Task prompt: Once you find the line below that has "Hi, this video", output it and every line after it exactly, stopping after the line that has "Today's topic will", with no pictures.

Record extracts:
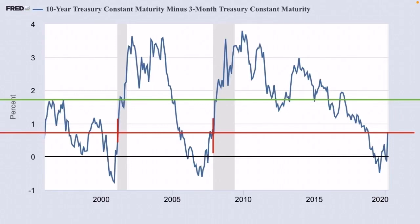I'm making a second video on the inverted yield curve. My first video was predicting the next crash using the inverted yield curve, and it was brought to my attention in that video that I wasn't taking into account what the yield curve did after it inverted. So I wanted to cover that in this video.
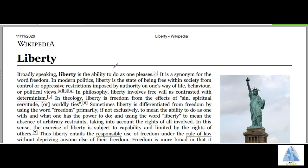In the context of polity, we need to understand the definition of liberty which includes rules. The first line says that liberty is the ability to do as one pleases — it's a synonym for the word freedom. In modern politics, liberty is a state of being free.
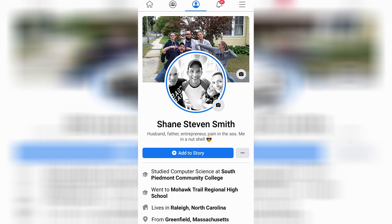Thanks for watching, I hope this video helped you out. If it did, go ahead and like the video for me and for the YouTube algorithm. Thanks again, have a great day.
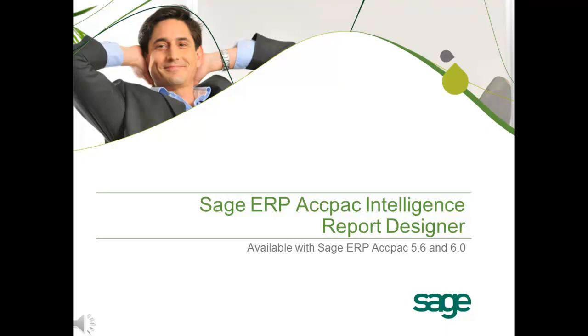Hi, this video will give you a brief overview of the SAGE ERP ACCPAC Intelligence Report Designer, now available with SAGE ERP ACCPAC 5.6 and 6.0.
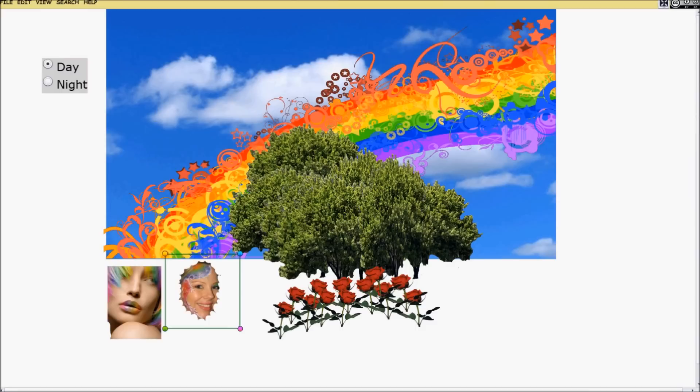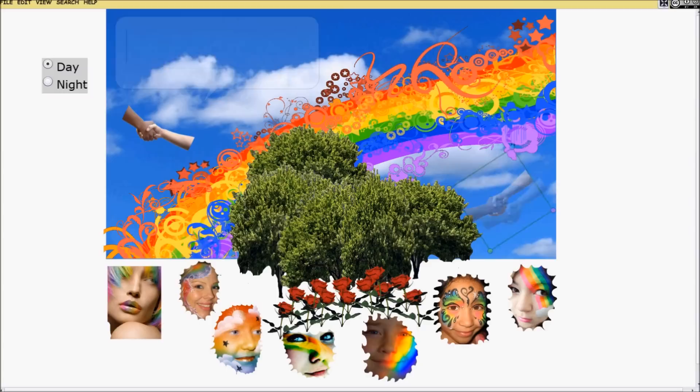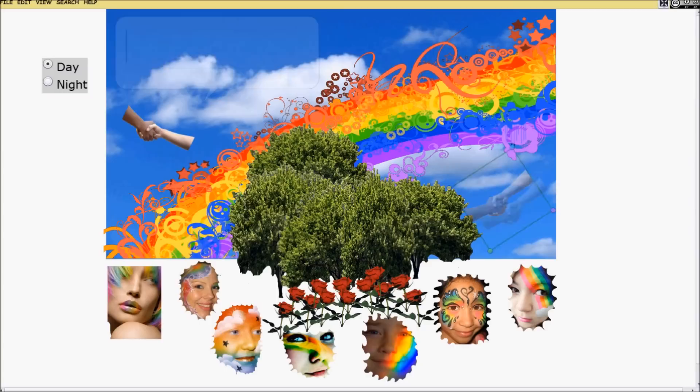The colors of the rainbow, so pretty in the sky, all on the faces of the people passing by. I see friends shaking hands, saying how do you do?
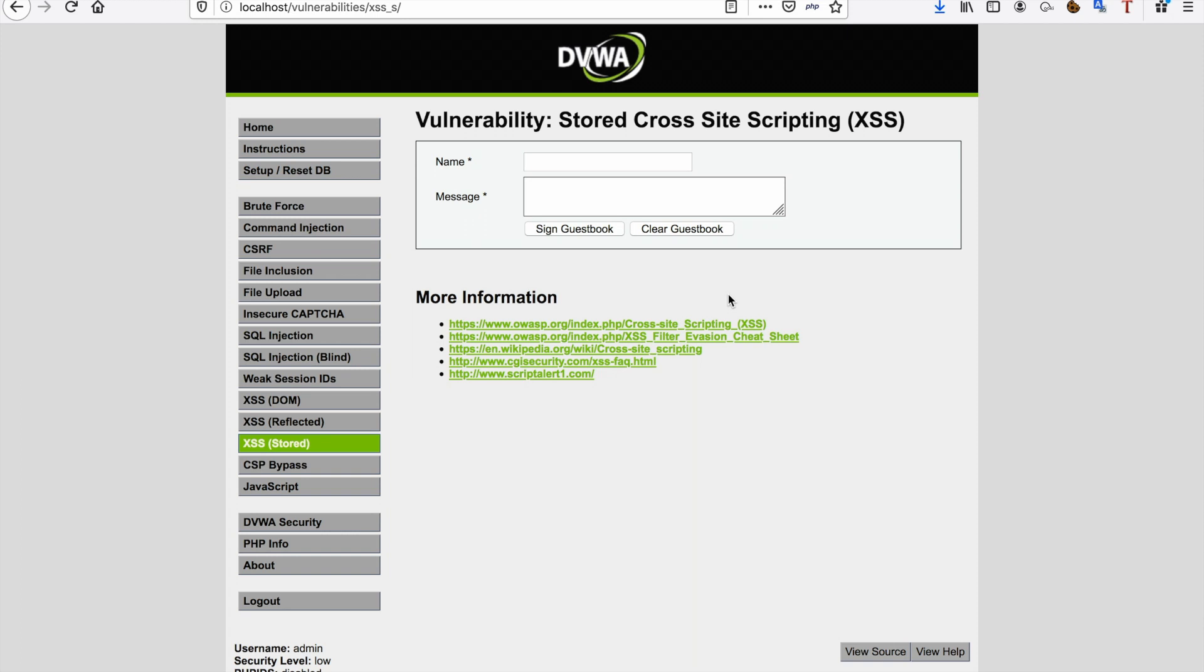Today's topic will be covering stored cross-site scripting, and I'm going to be using the DVWA vulnerable web application to teach you guys a little bit about stored cross-site scripting. I'm going to be showing you how it works and why it works. I'm also going to be showing you a few filter evasion techniques and a few other things you can try while testing for cross-site scripting. So let's start, shall we?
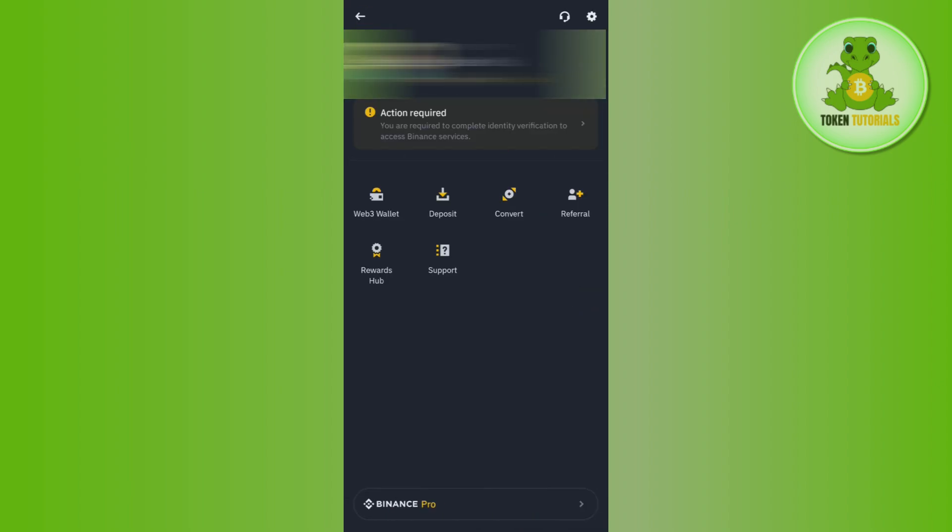After that, you need to tap on the Binance icon in the top left hand corner and select the Web3 wallet option. Currently I'm using the Binance Lite version of the application, but if you are using the Binance Pro version, then you need to first tap on the more services option and there you will be able to see the Web3 wallet option.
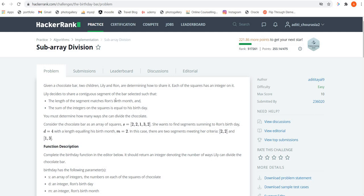Hey everyone and welcome to my channel Learn to Code with Aditi. I am going to explain the algorithm and also write the code for the subarray division problem from the problem solving section of HackerRank, and I am going to write the code in Java.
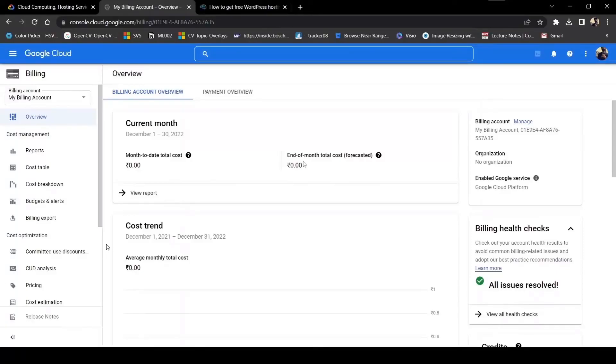Hosting a WordPress website on Google Cloud for free is pretty easy. I'm going to show you how to host a WordPress website on Google Cloud.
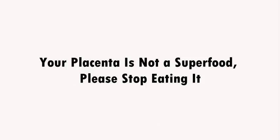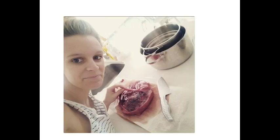Your placenta is not a superfood, please stop eating it. Just because Kim Kardashian, January Jones and Mayim Bialik did it, that doesn't mean you should.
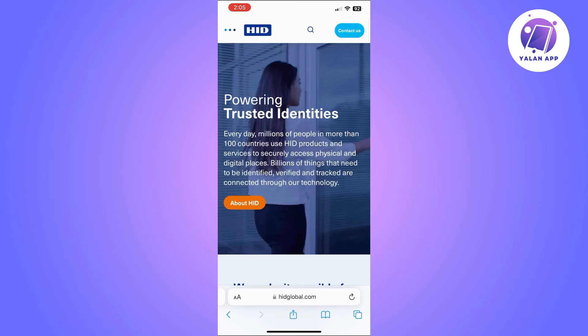Also, HID Global offers HID Mobile Access for smartphone credentials, so check if your organization supports it. This is a very important point to focus on. Also, some organizations issue digital access credentials.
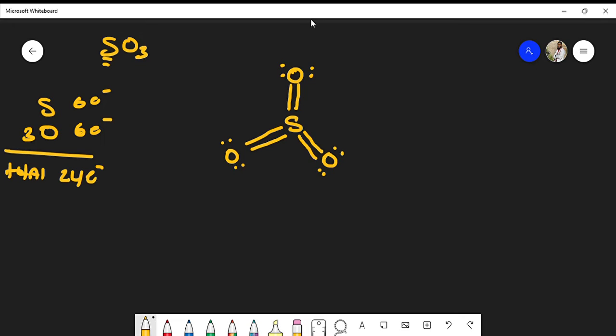To determine if the molecule is polar, we look at electronegativity. From the periodic table, oxygen is above sulfur, and electronegativity increases going up and to the right. So oxygen is more electronegative than sulfur. This means sulfur gains a partial positive charge while electrons concentrate at each oxygen, giving us dipole moments pointing toward each oxygen.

Result of this task:
Hi, this video will give you a brief overview of the SAGE ERP ACCPAC Intelligence Report Designer, now available with SAGE ERP ACCPAC 5.6 and 6.0.
The colors of the rainbow, so pretty in the sky, all on the faces of the people passing by. I see friends shaking hands, saying how do you do?
Today's topic will be covering stored cross-site scripting, and I'm going to be using the DVWA vulnerable web application to teach you guys a little bit about stored cross-site scripting. I'm going to be showing you how it works and why it works. I'm also going to be showing you a few filter evasion techniques and a few other things you can try while testing for cross-site scripting. So let's start, shall we?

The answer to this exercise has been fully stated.